**TASK OBJECTIVE**
Every line from the one containing "DEFUNC Casque audio" to the end of the records below should be returned exactly; pictures are to be dropped.

::: AVAILABLE RECORDS :::

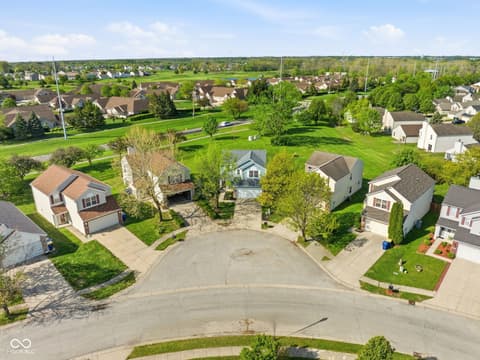 Photo of 5618 Congressional Place, Indianapolis, IN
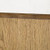 Ashley Adanworth Light Brown Gray Accent Cabinet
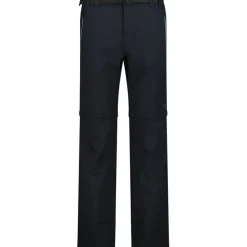 Herren Zip Off Trekking Hose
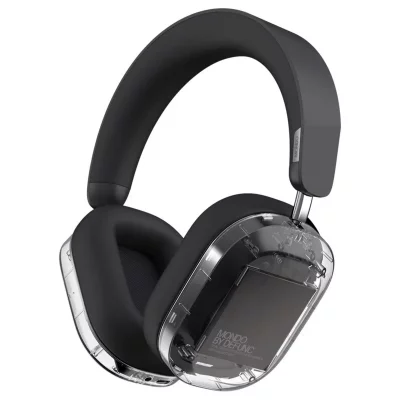 DEFUNC Casque audio Mondo By  sans fil Bluetooth Mondo by  Clear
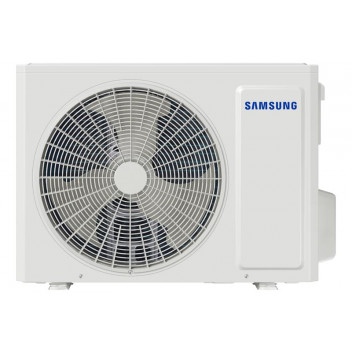 SAMSUNG OUTDOOR AIRCON INVERTER 12000BTU 24M2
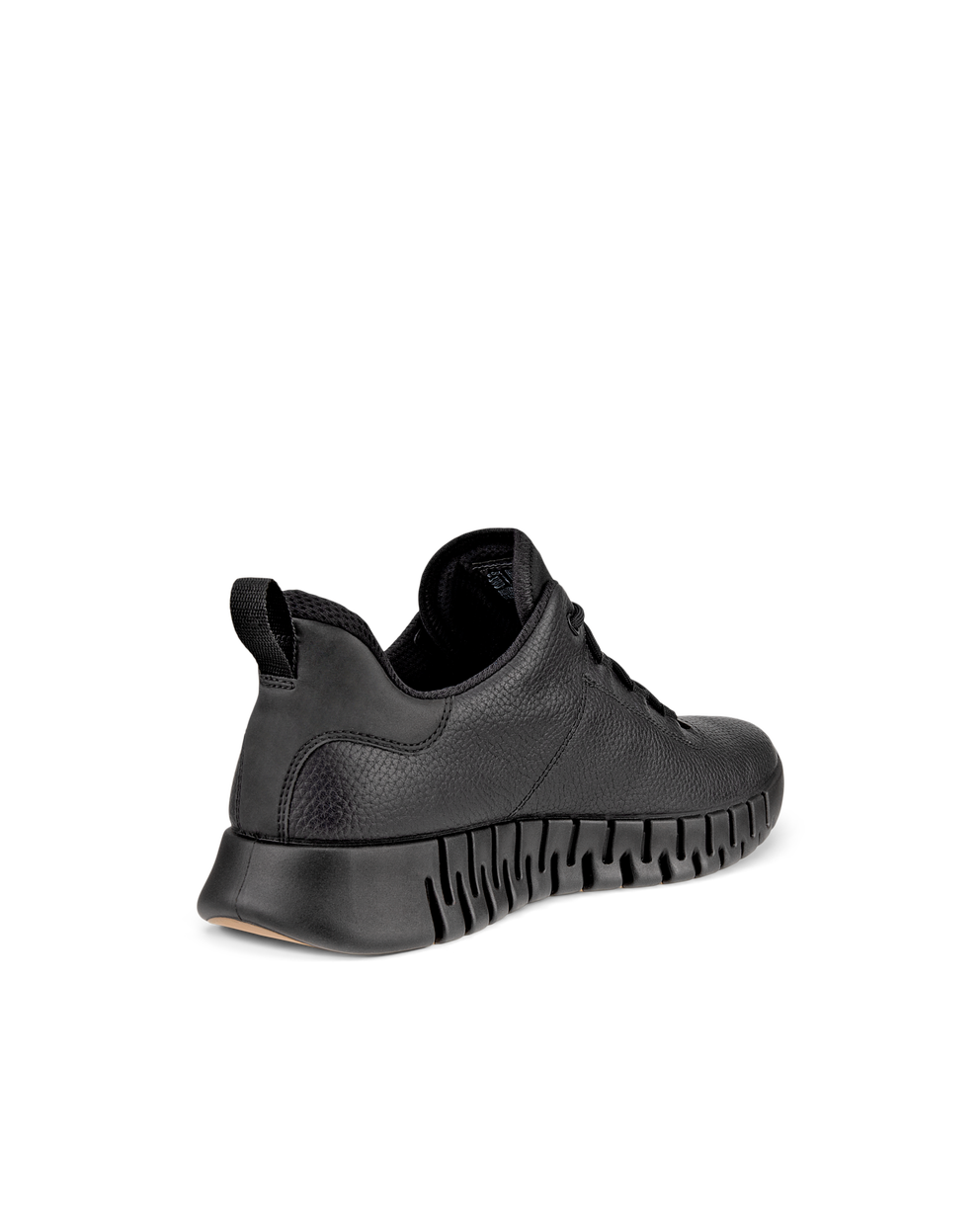 Ecco Zapatillas De Piel Gore-Tex ECCO® Gruuv Para Hombre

:::

**RESULT BELOW**
 DEFUNC Casque audio Mondo By  sans fil Bluetooth Mondo by  Clear
 SAMSUNG OUTDOOR AIRCON INVERTER 12000BTU 24M2
 Ecco Zapatillas De Piel Gore-Tex ECCO® Gruuv Para Hombre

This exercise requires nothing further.